#### PROBLEM STATEMENT
Output only the stretch of the listing that starts at the line containing "Otto de Guerickes" and ends at the line containing "6pcs Cute Capybara", reproduced exactly with both ends.

#### WORKING DATA
§ §

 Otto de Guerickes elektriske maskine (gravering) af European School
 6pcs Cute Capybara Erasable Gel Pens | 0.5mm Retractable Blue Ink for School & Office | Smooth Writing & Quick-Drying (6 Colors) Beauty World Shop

§ §

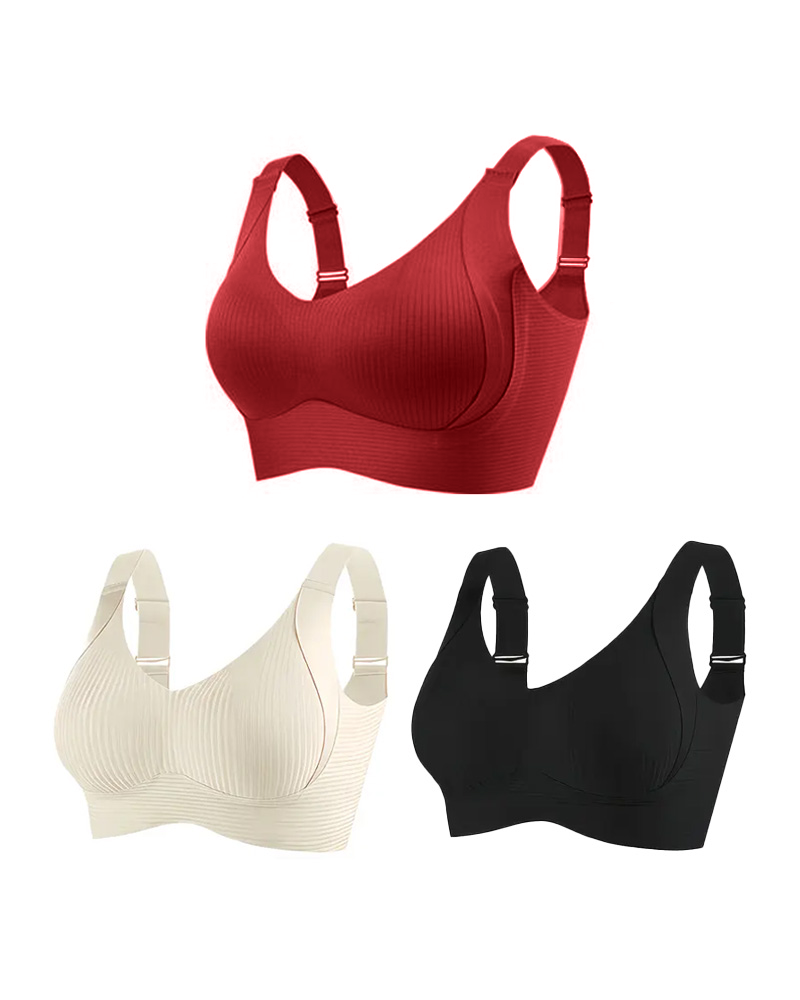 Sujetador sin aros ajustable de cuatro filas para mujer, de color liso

§ §

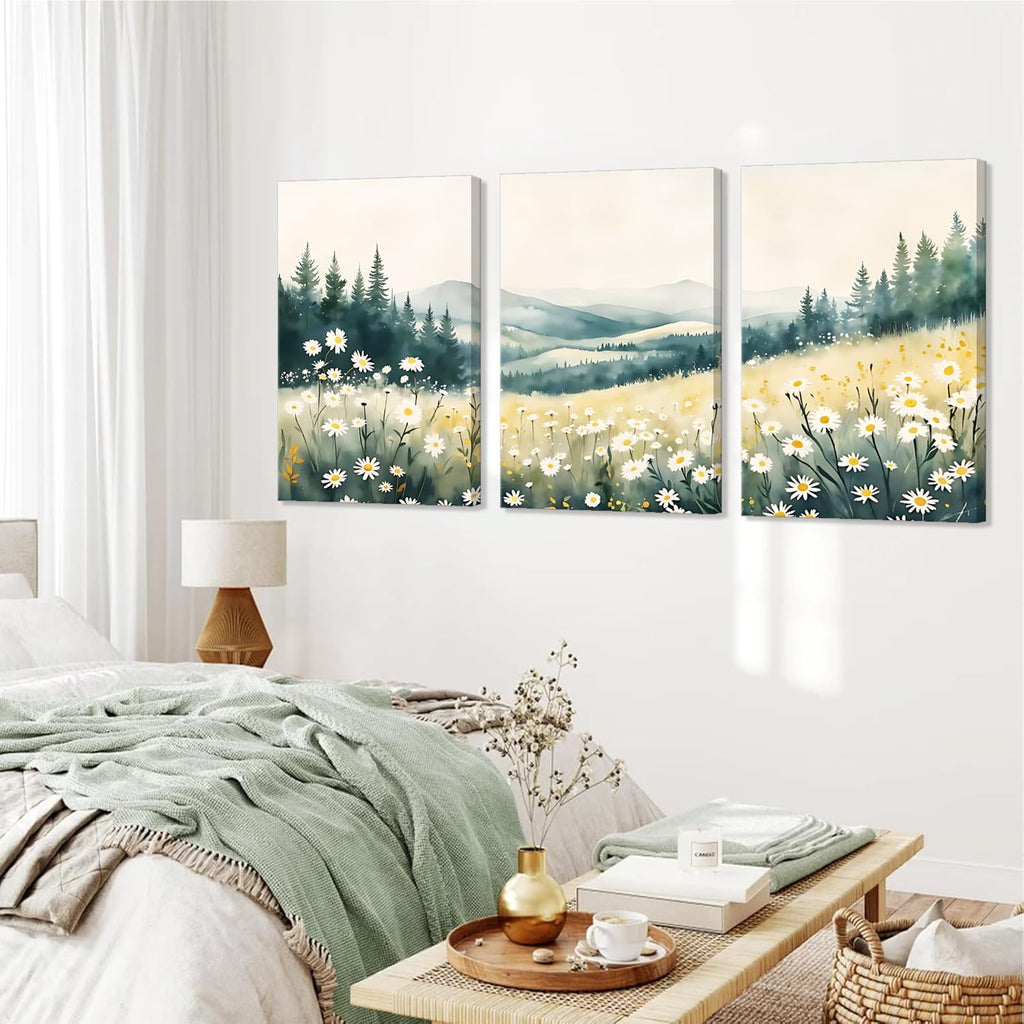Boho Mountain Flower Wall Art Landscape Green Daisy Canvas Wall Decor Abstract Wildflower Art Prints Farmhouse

§ §

#### TASK RESPONSE
 Otto de Guerickes elektriske maskine (gravering) af European School
 6pcs Cute Capybara Erasable Gel Pens | 0.5mm Retractable Blue Ink for School & Office | Smooth Writing & Quick-Drying (6 Colors) Beauty World Shop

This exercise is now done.